(INFORMATION PROVIDED begins)

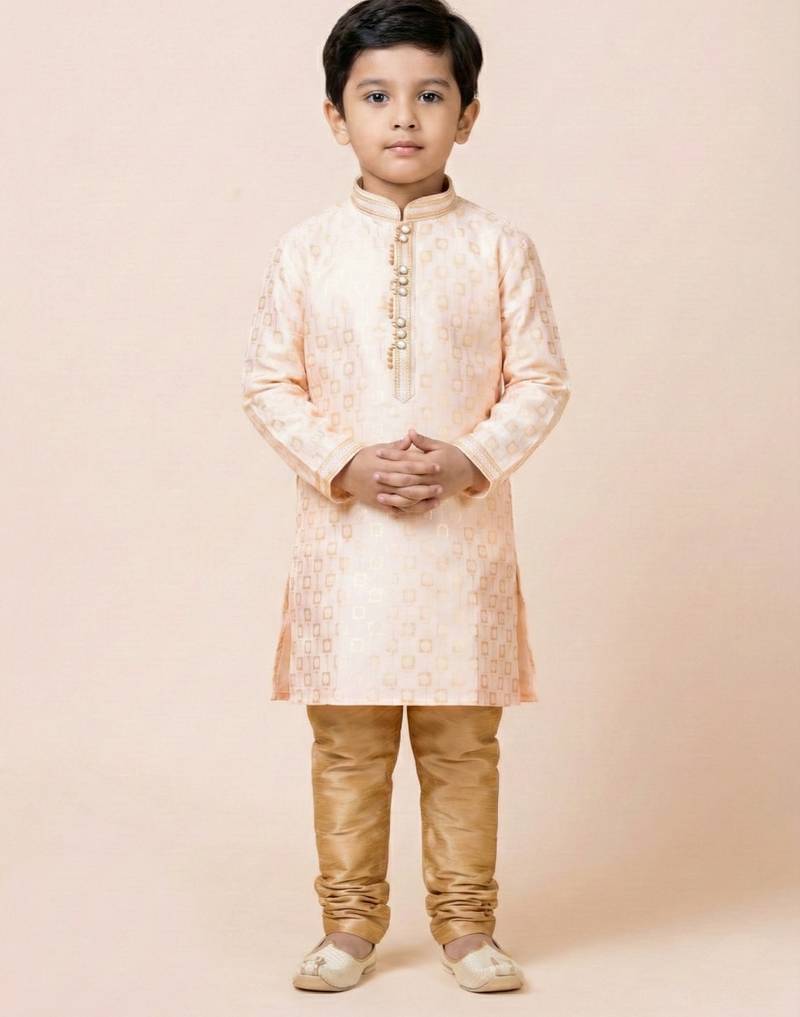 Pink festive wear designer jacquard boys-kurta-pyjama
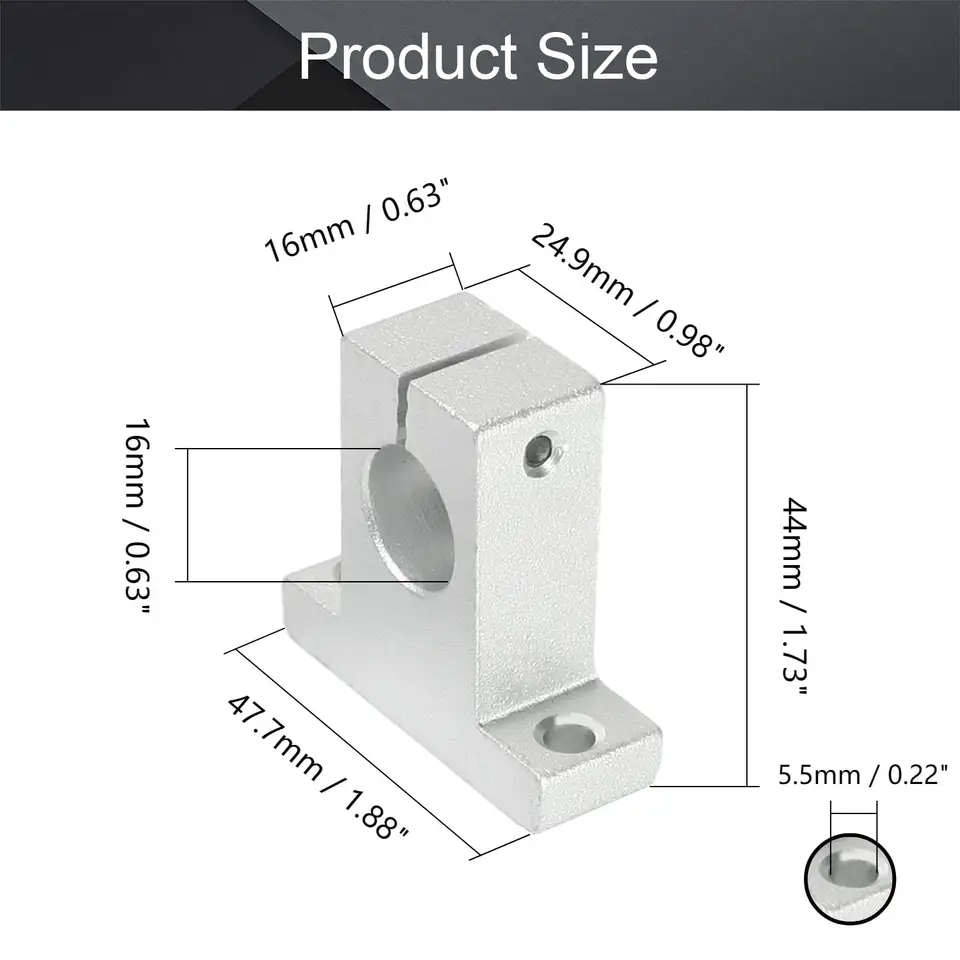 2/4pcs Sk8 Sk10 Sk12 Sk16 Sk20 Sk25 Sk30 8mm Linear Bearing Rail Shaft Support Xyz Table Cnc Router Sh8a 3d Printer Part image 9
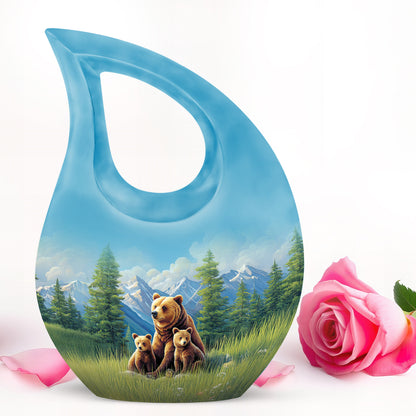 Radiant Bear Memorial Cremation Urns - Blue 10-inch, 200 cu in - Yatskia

(INFORMATION PROVIDED ends)

> _REQUIREMENT_
Copy every line above exactly; images stay out.

> _WORKED SOLUTION_
 Pink festive wear designer jacquard boys-kurta-pyjama
 2/4pcs Sk8 Sk10 Sk12 Sk16 Sk20 Sk25 Sk30 8mm Linear Bearing Rail Shaft Support Xyz Table Cnc Router Sh8a 3d Printer Part image 9
 Radiant Bear Memorial Cremation Urns - Blue 10-inch, 200 cu in - Yatskia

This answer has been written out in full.